The Lord’s Supper – Proclaimation

This is the second post in the series “The Lord’s Supper”. The last post made the point that one of the primary reasons for the eating and drinking of the Lord’s Supper is to focus us on Christ’s sacrifice for us, and especially to remember his body. “This is my body….” and “This is the blood….” are to be rememberd and appreciated by believers. Communion, if done properly, will accomplish that goal. Not only are we to remember him and his sacrifice of himself but when we share in communion we proclaim his death.

“For as often as you eat this bread and drink the cup, you proclaim the Lord’s death until he comes.” (1 Corinthians 11:26)

It is very important that we continually proclaim the good news to each other. I think some Christians believe that as we mature we move on from the gospel to deeper things. I have news for you, the gospel is the deepest thing! We must be gospel centered people to be the people God uses.

Paul’s letter to the Romans was a letter primarily to believers. In fact he gives thanks that their faith is known throughout the whole world. (Romans 1:8) And yet immediately before his statement about the gospel being the power of God unto salvation (Romans 1:16) he wrote these words.

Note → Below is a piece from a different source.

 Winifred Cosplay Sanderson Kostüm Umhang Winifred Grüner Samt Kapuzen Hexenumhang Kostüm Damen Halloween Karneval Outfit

“…I am eager to preach the gospel to you also who are in Rome.” (Romans 1:15)

Christianity is the gospel! It is the historical facts of the death, burial, and resurrection of Jesus and their present and future implications upon which we stand and have staked our eternal destiny.

Never, never, never, should we stop preaching and teaching the gospel to each other and one of the ways we do that is by eating the bread and drinking from the cup as we remember the Lord’s body and shed blood for sinners.

In most of our churches on a given Sunday there will likely be those present who have not yet become Christians. We should be aware of that fact and make sure that when we participate in the Lord’s Supper that we are reverent and sincere knowing that we are by these acts proclaiming the Lord’s great sacrifice for sinners to a watching world.

We are to keep proclaiming the gospel facts until He returns. The emphasis is never on the “how” or even on the “when” but wholly upon the “what” and the “who” of the good news.

We remember and we proclaim as together we eat and drink together.